> **TASK ITEM**: Please restate the records below word for word, leaving out every picture.

*** Opening of RECORDS SHOWN ***

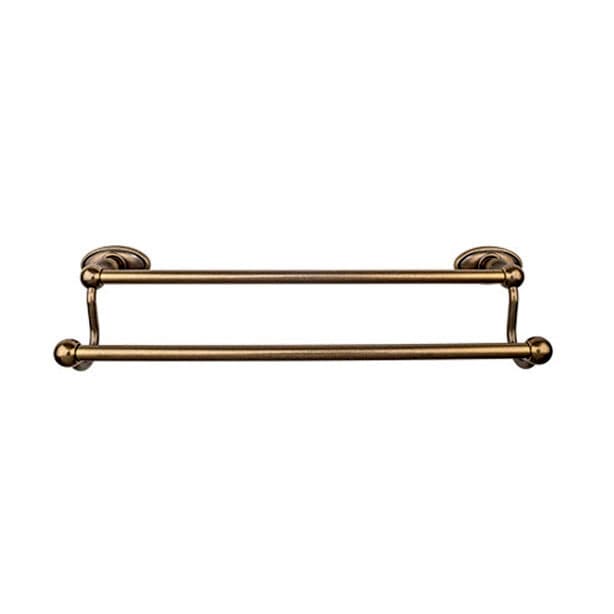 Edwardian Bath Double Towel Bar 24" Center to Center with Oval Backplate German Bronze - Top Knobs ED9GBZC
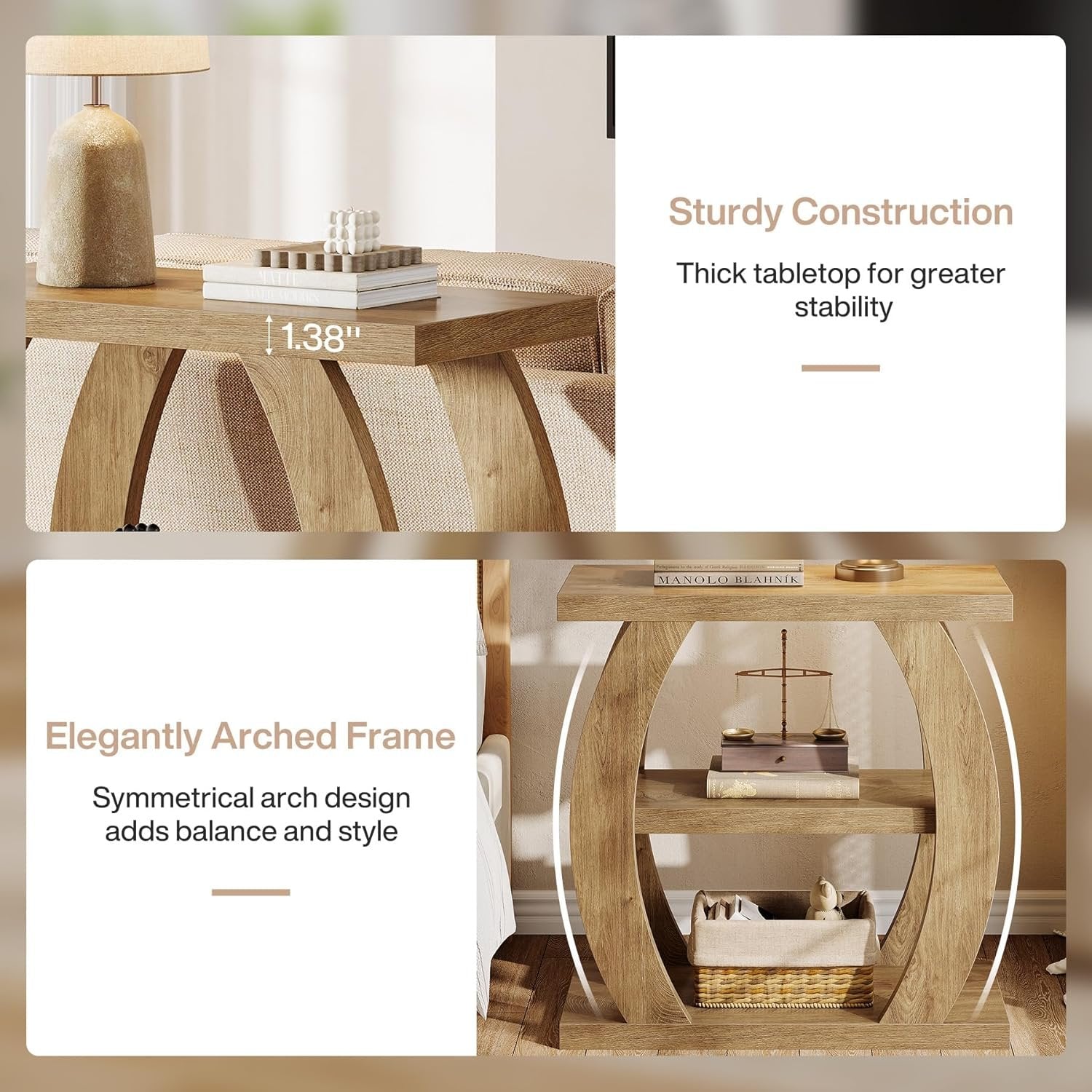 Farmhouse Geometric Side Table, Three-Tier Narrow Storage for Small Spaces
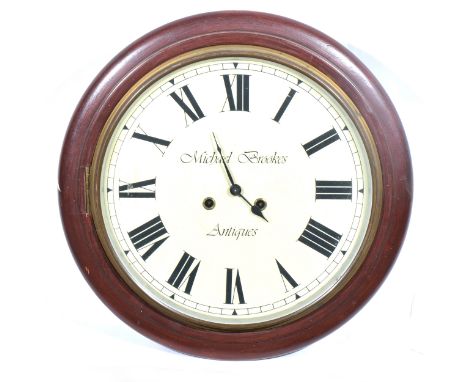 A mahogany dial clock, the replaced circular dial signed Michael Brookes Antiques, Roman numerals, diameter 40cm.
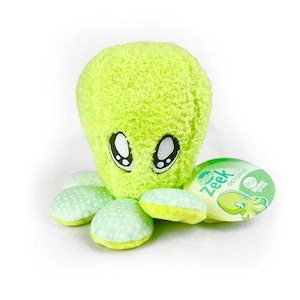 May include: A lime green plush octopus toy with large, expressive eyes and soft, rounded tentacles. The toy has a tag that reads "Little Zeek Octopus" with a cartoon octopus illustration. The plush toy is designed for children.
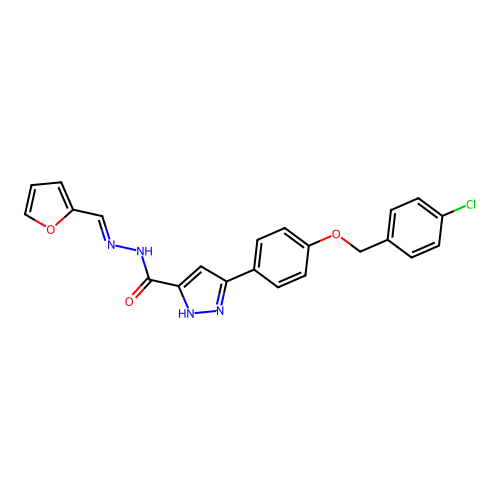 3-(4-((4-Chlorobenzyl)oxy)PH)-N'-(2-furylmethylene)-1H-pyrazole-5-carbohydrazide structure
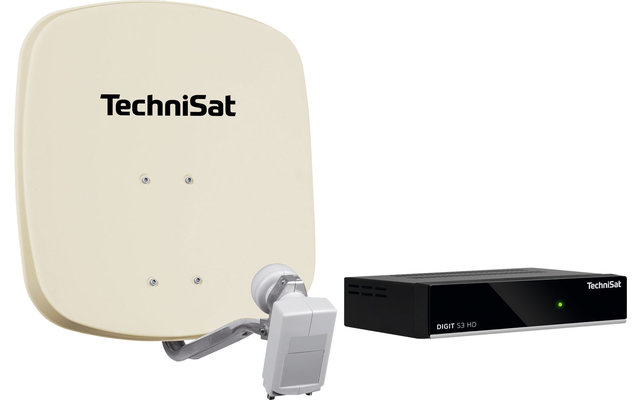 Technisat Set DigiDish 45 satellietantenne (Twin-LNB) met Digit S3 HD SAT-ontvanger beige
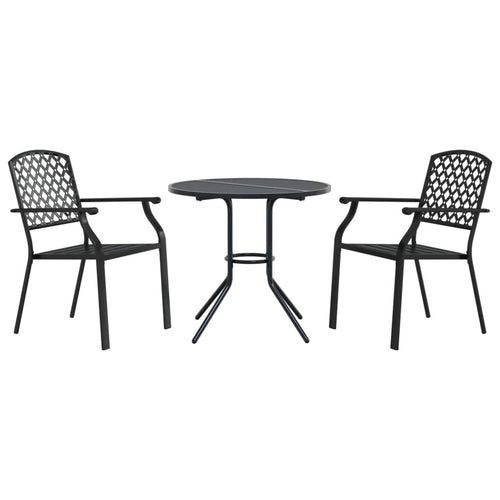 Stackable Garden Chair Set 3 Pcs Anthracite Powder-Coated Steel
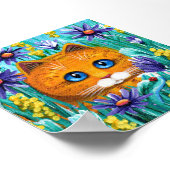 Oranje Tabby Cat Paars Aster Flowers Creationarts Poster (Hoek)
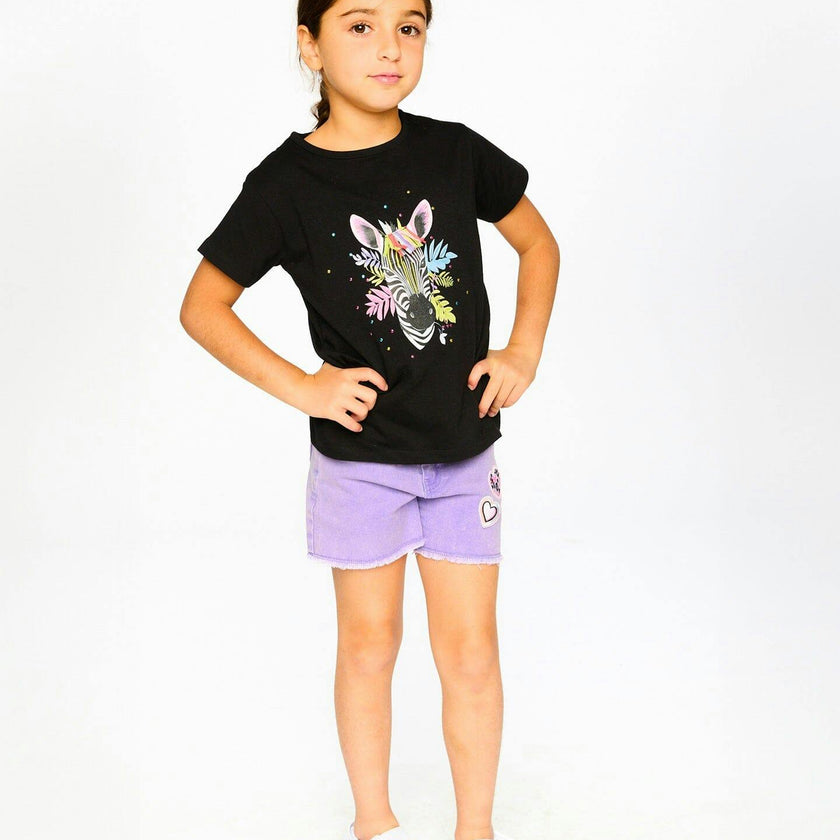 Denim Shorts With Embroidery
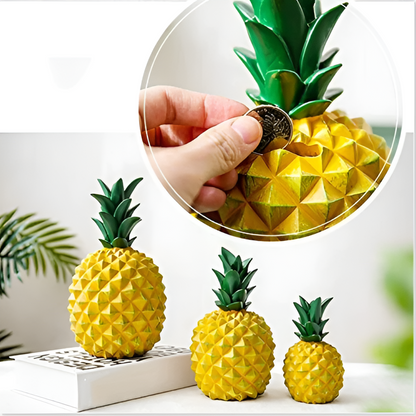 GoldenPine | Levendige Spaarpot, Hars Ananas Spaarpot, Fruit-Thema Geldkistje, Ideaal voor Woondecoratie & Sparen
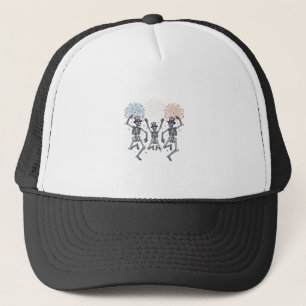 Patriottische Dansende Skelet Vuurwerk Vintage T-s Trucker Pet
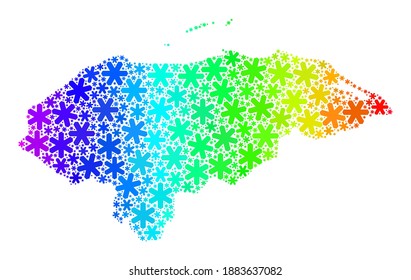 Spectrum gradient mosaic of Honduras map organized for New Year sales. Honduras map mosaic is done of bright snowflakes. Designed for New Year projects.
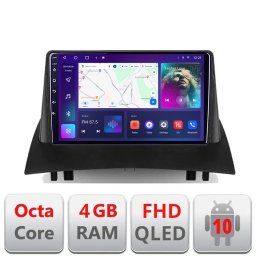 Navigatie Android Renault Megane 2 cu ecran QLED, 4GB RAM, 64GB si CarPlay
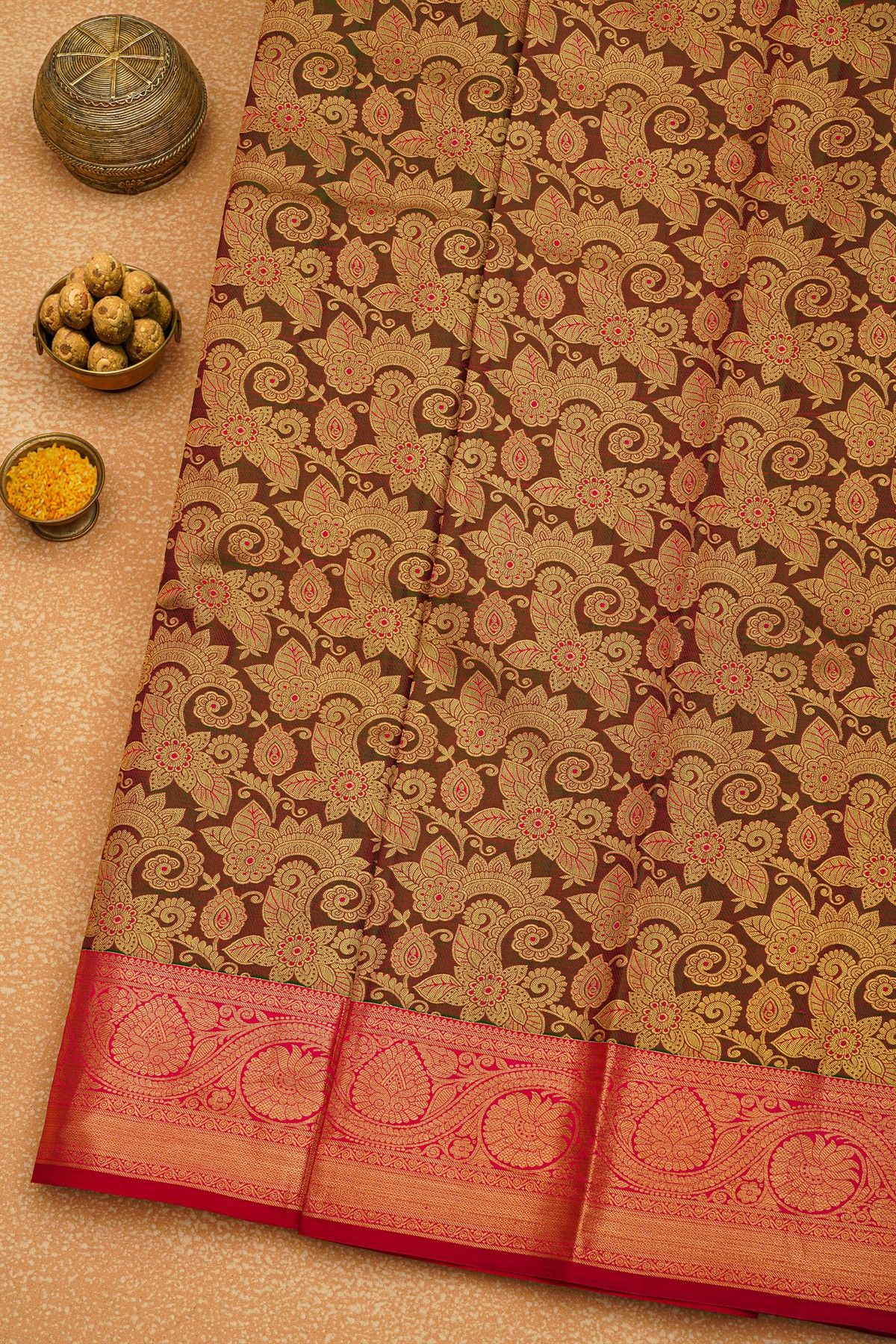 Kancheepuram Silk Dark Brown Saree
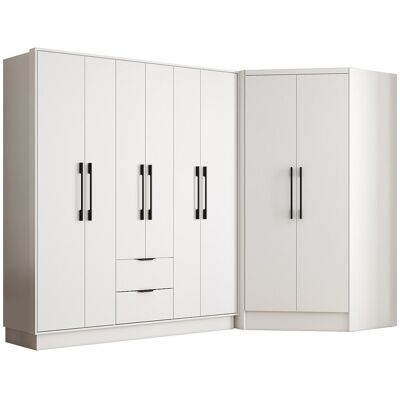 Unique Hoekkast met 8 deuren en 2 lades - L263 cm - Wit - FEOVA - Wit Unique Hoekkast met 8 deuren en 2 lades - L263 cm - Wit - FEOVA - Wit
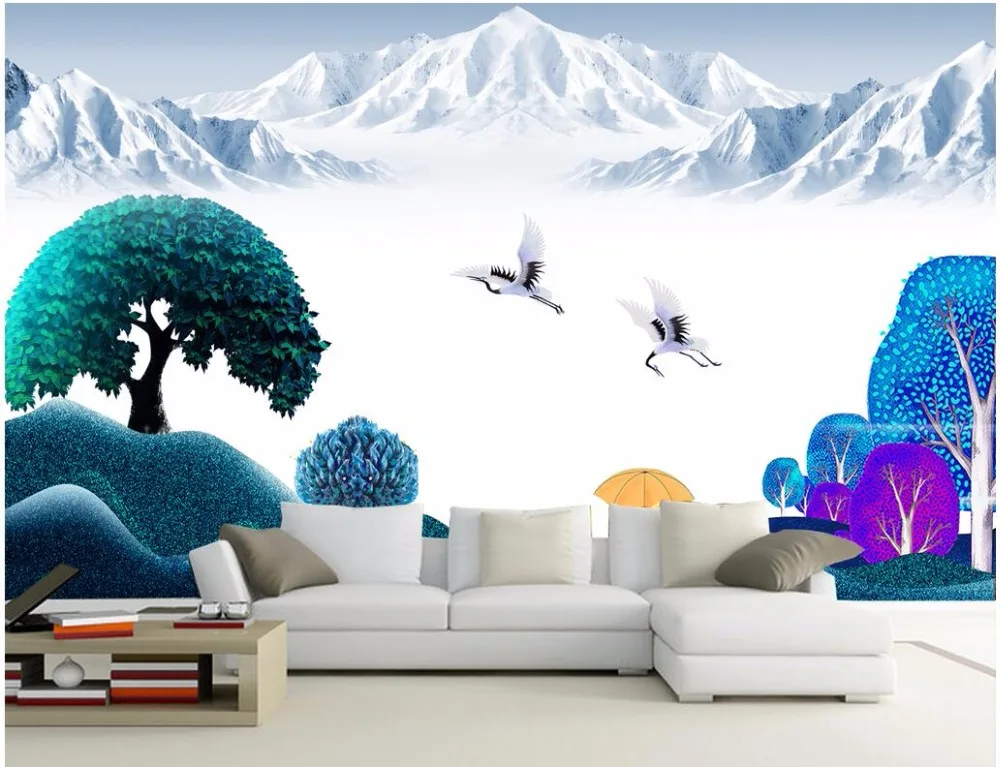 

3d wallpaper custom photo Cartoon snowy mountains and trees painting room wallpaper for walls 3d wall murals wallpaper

*** Close of RECORDS SHOWN ***

> **EXERCISE OUTPUT**:
 Edwardian Bath Double Towel Bar 24" Center to Center with Oval Backplate German Bronze - Top Knobs ED9GBZC
 Farmhouse Geometric Side Table, Three-Tier Narrow Storage for Small Spaces
 A mahogany dial clock, the replaced circular dial signed Michael Brookes Antiques, Roman numerals, diameter 40cm.
 May include: A lime green plush octopus toy with large, expressive eyes and soft, rounded tentacles. The toy has a tag that reads "Little Zeek Octopus" with a cartoon octopus illustration. The plush toy is designed for children.
 3-(4-((4-Chlorobenzyl)oxy)PH)-N'-(2-furylmethylene)-1H-pyrazole-5-carbohydrazide structure
 Technisat Set DigiDish 45 satellietantenne (Twin-LNB) met Digit S3 HD SAT-ontvanger beige
 Stackable Garden Chair Set 3 Pcs Anthracite Powder-Coated Steel
 Oranje Tabby Cat Paars Aster Flowers Creationarts Poster (Hoek)
 Denim Shorts With Embroidery
 GoldenPine | Levendige Spaarpot, Hars Ananas Spaarpot, Fruit-Thema Geldkistje, Ideaal voor Woondecoratie & Sparen
 Patriottische Dansende Skelet Vuurwerk Vintage T-s Trucker Pet
 Spectrum gradient mosaic of Honduras map organized for New Year sales. Honduras map mosaic is done of bright snowflakes. Designed for New Year projects.
 Navigatie Android Renault Megane 2 cu ecran QLED, 4GB RAM, 64GB si CarPlay
 Kancheepuram Silk Dark Brown Saree
 Unique Hoekkast met 8 deuren en 2 lades - L263 cm - Wit - FEOVA - Wit Unique Hoekkast met 8 deuren en 2 lades - L263 cm - Wit - FEOVA - Wit

3d wallpaper custom photo Cartoon snowy mountains and trees painting room wallpaper for walls 3d wall murals wallpaper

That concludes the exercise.